Reference: Zellers et al. (2019)

Reading comprehension

SQuAD2

Open-ended Q&A developed for the evidence document

Metric: Accuracy (exact match)

Setting: 4-shot

Reference: Rajpurkar et al. (2018)

Commonsense inference

XWINO

Two-choice question to predict the antecedent of a pronoun

Metric: Accuracy

Setting: 4-shot

Reference: Tikhonov and Ryabinin (2021)

Multitask natural language understanding

MMLU

Four-choice exam questions benchmark MMLU (53 subjects)

Metric: Accuracy

Setting: 5-shot

Reference: Hendrycks et al. (2021)

Mathematics

GSM8K

Math word problems

Metric: Accuracy (exact match)

Setting: 4-shot

Reference: Cobbe et al. (2021)

Mathematics

MATH

High school math competitions

Metric: Accuracy (exact match)

Setting: 4-shot

Reference: Hendrycks et al. (2021)

Collection of hard-to-solve tasks for LLM

BIG-Bench-Hard (BBH)

23 tasks that are difficult in BIG-Bench dataset (Srivastava et al., 2023)

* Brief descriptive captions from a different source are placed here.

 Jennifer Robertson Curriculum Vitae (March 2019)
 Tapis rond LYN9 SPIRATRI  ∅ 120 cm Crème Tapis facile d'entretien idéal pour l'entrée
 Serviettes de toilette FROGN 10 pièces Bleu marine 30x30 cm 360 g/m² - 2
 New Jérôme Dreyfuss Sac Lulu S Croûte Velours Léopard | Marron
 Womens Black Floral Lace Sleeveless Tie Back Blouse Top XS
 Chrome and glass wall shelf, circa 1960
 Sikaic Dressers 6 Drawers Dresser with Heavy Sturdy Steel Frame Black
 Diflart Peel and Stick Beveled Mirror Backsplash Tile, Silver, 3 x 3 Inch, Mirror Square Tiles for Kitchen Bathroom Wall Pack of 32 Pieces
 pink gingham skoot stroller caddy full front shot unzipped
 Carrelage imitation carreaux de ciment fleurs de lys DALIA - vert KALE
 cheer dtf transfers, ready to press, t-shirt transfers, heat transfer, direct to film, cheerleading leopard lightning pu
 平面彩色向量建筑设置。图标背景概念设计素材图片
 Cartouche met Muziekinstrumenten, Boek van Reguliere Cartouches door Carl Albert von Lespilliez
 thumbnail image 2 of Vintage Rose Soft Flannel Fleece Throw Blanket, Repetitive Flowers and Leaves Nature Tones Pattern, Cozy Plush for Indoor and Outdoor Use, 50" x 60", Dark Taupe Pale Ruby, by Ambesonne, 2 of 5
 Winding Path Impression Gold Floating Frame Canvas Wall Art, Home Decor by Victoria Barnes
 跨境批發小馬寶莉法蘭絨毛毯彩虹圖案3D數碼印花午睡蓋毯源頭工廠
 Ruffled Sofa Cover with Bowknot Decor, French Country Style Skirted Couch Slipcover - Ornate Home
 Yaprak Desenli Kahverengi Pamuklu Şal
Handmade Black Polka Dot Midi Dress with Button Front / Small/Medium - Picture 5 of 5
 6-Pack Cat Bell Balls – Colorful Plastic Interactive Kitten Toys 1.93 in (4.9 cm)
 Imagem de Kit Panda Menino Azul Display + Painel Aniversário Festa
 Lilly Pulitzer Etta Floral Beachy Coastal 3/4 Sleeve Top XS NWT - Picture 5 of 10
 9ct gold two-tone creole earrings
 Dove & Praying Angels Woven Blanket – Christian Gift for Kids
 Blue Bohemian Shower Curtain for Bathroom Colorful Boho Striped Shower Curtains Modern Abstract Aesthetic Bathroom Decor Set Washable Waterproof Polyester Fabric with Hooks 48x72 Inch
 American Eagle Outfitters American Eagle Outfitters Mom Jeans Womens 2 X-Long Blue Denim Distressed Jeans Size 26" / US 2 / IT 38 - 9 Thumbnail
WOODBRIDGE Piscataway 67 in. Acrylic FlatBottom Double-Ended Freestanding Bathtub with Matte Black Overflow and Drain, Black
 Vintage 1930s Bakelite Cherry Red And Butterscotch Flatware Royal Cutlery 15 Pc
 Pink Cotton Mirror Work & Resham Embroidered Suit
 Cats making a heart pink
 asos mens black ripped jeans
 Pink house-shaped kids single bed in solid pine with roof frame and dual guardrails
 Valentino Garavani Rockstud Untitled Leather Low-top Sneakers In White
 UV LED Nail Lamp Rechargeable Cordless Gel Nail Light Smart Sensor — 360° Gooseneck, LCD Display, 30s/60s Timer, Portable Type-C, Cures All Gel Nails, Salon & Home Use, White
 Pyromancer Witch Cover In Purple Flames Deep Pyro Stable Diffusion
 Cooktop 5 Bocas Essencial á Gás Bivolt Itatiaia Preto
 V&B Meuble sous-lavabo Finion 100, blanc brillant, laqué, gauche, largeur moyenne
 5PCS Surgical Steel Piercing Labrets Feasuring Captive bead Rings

Metric: Accuracy (exact match)

Setting: 3-shot, CoT

Reference: Suzgun et al. (2023)

Code generation

HumanEval

Ability of code generation measured by unit test

Metric: pass@1

Setting: 0-shot, 10 trials

Reference: Chen et al. (2021)

Japanese MT-Bench

We used the Japanese version of MT-Bench (Nejumi LLM Leaderboard edition) to evaluate dialogue capabilities. The test questions are based on v4, and the reference answers are derived from v2 with corrections to incorrect responses. The evaluation scores range from 0 (lowest) to 1 (highest).